Иван обиженно засопел носом, потом черты его лица разгладились – оно стало печальным.
– А Он… Он простит меня? – спросил Иван и сжался, как в ожидании удара.
– Ох, не знаю, – Корнилий с сомнением покачал головой. – Знаю только, что Он хочет простить тебя, как и всех, а уж как будет, это… не знаю. От тебя зависит, только от тебя.
– Вот и Микула так говорит, – вздохнул царь.
– А ты слушай умных людей, плохого не посоветуют!
– Не бросай меня, отче преподобный, моли Христа Бога о христианской кончине живота грешного раба Иоанна, не хочу в пекло, не хочу! Я знаю, как там, – прошептал Иван. – Там снятся страшные сны, а как проснешься, явь еще страшнее…
– Помолимся вместе…
– Давай! – обрадовался Иван и вдруг спросил: – А как я узнаю, что изменился, покаялся? Знак бы какой, а то уж очень страшно…
– Знак тебе? – улыбнулся Корнилий. – А блудному сыну какой был знак? Что сказал Отец рабам своим? «Принесите лучшую одежду и оденьте его, и дайте перстень на руку его…» Вот тебе и знак!
– Смеешься? Давай лучше помолимся…
Глава 5
1581 год, Полоцк, ставка Стефана Батория, короля Польского и великого князя Литовского
– Иштван!
– Я Ласло, ваше величество…
– Неважно… Замойского ко мне. Немедленно.
Потомок побочной ветви славного венгерского рода Хуньяди, служивший переводчиком при короле Стефане, кинулся исполнять приказ. Переводчиков при короле работал целый штат; все, как и сам король, чистокровные венгры. Стефан Баторий, он же Штефан Батори, не любил поляков, литовцев и русских – своих подданных, считая их всех грубыми, необразованными и дикими.
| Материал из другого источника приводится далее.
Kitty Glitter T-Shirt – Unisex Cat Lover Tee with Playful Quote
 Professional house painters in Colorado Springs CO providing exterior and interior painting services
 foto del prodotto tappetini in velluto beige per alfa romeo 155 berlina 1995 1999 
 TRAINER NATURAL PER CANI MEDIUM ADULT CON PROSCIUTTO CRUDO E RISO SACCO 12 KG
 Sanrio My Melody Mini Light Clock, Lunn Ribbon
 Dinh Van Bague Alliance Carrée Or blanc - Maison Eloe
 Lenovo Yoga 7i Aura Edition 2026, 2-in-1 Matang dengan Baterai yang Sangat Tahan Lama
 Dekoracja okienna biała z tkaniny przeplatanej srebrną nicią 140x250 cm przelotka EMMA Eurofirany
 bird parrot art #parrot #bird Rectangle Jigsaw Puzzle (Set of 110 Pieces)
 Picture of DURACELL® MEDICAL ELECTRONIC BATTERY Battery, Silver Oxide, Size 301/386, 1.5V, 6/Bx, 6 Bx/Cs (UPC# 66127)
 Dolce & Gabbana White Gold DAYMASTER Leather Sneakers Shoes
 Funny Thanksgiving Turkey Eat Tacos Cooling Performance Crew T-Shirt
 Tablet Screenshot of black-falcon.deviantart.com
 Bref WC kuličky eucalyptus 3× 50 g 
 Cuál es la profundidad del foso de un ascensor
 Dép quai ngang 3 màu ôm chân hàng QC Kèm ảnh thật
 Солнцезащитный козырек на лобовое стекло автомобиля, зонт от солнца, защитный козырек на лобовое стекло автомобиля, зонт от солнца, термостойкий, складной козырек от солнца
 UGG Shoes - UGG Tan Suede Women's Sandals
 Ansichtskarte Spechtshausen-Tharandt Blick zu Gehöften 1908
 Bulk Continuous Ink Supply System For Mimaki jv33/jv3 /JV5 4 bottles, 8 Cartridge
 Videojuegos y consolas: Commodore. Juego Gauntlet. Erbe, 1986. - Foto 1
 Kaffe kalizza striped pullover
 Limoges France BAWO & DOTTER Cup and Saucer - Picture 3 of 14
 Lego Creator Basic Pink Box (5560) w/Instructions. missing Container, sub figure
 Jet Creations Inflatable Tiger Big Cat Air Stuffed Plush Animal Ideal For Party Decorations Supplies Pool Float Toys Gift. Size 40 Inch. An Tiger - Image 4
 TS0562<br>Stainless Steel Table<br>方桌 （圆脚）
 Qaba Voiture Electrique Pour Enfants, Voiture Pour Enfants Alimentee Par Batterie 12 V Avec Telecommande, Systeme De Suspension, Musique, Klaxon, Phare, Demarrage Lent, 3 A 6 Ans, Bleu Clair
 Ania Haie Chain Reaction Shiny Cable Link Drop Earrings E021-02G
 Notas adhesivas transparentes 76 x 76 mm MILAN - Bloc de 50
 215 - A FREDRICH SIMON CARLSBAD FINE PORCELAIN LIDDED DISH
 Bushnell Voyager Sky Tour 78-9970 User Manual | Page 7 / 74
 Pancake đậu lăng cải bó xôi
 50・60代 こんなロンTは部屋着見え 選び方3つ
Единственные польские слова, которые выучил король и часто любил повторять, применяя к своим подданным, были «быдло» и «пся крев»[120].
Впрочем, венгров король тоже не любил: трудно любить людей, если у тебя хроническая почечная недостаточность. Всем языкам Баторий предпочитал классическую латынь, а всем народам – древних римлян; потому, видимо, что еще ни один древний римлянин не пробовал досаждать ему во время приступов болезни.
Стефан Баторий был совсем не похож на полководца. Вялый, апатичный; сухая желтоватая кожа дряблого лица лежала складками; тонкий, плотно сжатый рот подходил скорее банкиру, чем королю. Если рядом не грохотали пушки, в глазах явственно читалось: «Отстаньте от меня все!»; если же пушки грохотали, настроение старого воина чуть изменялось: «Отстаньте от меня все, дайте послушать музыку!». Несмотря на внешность и болезнь, полководцем польский король был настоящим; королем – тоже.
– Повелитель? – в двери просунулась румяная усатая рожа Яна Замойского, коронного гетмана[121].